COMBINE-lab / salmon

🐟 🍣 🍱 Highly-accurate & wicked fast transcript-level quantification from RNA-seq reads using selective alignment
https://combine-lab.github.io/salmon
GNU General Public License v3.0
761 stars 160 forks source link

Inconsistent library type #137

Open ckr123tw opened 7 years ago

ckr123tw commented 7 years ago

Hi, I tried to let Salmon infer library type automatically on TCGA data, however, it seemed to find a high percentage of reads (nearly 40%) inconsistent with the inferred library type. Did I made a mistake in the processing steps? Are the results still valid? Thanks.

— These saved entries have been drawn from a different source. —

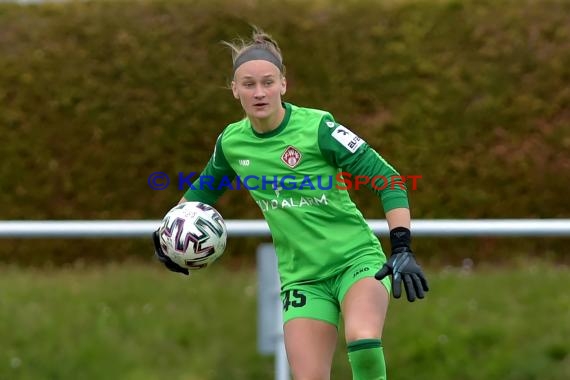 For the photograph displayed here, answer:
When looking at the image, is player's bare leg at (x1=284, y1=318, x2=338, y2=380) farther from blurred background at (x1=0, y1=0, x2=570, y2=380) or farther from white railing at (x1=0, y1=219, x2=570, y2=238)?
blurred background at (x1=0, y1=0, x2=570, y2=380)

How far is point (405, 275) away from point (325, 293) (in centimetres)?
53

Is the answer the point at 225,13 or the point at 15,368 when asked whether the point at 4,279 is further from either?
the point at 225,13

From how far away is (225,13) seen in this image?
920 cm

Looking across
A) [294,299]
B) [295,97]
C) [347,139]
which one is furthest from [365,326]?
[295,97]

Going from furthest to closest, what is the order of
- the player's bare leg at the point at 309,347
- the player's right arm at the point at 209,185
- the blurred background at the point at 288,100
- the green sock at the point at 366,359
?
the blurred background at the point at 288,100 → the player's right arm at the point at 209,185 → the player's bare leg at the point at 309,347 → the green sock at the point at 366,359

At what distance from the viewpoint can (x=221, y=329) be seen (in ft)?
26.2

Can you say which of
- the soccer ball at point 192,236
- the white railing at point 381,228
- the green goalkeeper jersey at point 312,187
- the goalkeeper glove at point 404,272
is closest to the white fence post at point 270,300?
the white railing at point 381,228

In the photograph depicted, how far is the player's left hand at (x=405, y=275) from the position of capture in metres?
4.95

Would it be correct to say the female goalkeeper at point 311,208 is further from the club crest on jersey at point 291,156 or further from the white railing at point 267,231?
the white railing at point 267,231

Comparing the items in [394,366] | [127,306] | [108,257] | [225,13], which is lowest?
[394,366]

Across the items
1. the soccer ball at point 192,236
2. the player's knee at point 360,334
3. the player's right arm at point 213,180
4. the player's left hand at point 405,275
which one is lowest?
the player's knee at point 360,334

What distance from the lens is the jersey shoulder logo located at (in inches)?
207

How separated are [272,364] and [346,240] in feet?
8.12

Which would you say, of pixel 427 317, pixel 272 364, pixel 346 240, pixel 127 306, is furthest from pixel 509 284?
pixel 346 240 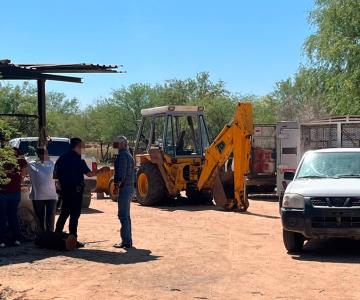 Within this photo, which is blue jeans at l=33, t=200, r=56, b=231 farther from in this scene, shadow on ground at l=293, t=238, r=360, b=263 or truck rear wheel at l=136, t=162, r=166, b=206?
truck rear wheel at l=136, t=162, r=166, b=206

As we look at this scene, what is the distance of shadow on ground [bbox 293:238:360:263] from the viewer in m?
9.86

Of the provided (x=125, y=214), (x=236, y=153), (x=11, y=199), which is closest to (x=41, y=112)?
(x=11, y=199)

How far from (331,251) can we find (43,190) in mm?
4853

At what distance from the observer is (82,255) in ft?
33.7

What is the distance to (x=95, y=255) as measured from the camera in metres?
10.3

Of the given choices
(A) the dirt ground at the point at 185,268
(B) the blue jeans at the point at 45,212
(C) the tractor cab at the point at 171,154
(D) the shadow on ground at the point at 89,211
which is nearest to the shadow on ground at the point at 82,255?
(A) the dirt ground at the point at 185,268

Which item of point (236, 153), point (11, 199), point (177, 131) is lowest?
point (11, 199)

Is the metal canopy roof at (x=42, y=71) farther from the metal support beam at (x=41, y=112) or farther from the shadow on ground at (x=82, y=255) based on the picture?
the shadow on ground at (x=82, y=255)

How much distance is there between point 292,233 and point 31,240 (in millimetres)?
4575

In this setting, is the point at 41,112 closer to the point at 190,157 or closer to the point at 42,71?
the point at 42,71

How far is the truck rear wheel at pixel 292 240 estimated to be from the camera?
10320mm

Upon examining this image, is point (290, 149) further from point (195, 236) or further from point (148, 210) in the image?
point (195, 236)

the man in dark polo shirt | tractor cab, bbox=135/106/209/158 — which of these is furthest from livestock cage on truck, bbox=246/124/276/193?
the man in dark polo shirt

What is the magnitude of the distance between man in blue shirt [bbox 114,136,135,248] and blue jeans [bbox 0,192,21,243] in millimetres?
1661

Command line: samtools bam2fq 59cd4694-4001-483b-9a30-33a166943bd1_gdc_realn_rehead.bam > 59cd4694-4001-483b-9a30-33a166943bd1.fastq cat 59cd4694-4001-483b-9a30-33a166943bd1.fastq|grep '^@./1$' -A 3 --no-group-separator > 59cd4694-4001-483b-9a30-33a166943bd1_R1.fastq cat 59cd4694-4001-483b-9a30-33a166943bd1.fastq|grep '^@./2$' -A 3 --no-group-separator > 59cd4694-4001-483b-9a30-33a166943bd1_R2.fastq salmon quant -i ~/hg38_ref/GCA_000001405.15_GRCh38_no_alt -l A -1 59cd4694-4001-483b-9a30-33a166943bd1_R1.fastq.gz -2 59cd4694-4001-483b-9a30-33a166943bd1_R2.fastq.gz -p 6 -o ./SalmonQuant

lib_format_counts.json: "read_files": "( 59cd4694-4001-483b-9a30-33a166943bd1_R1.fastq.gz, 59cd4694-4001-483b-9a30-33a166943bd1_R2.fastq.gz )", "expected_format": "MU", "compatible_fragment_ratio": 0.6136629002400855, "num_compatible_fragments": 27796954, "num_assigned_fragments": 45296781, "num_consistent_mappings": 115802038, "num_inconsistent_mappings": 95238168, "strand_mapping_bias": 0.5013267642146333, "MSF": 0, "OSF": 544092, "ISF": 39968962, "MSR": 0, "OSR": 556020, "ISR": 39905960, "SF": 7149723, "SR": 7113411, "MU": 0, "OU": 0, "IU": 0, "U": 0

bounlu commented 6 years ago

I usually get IU for auto-detected library type for TCGA samples.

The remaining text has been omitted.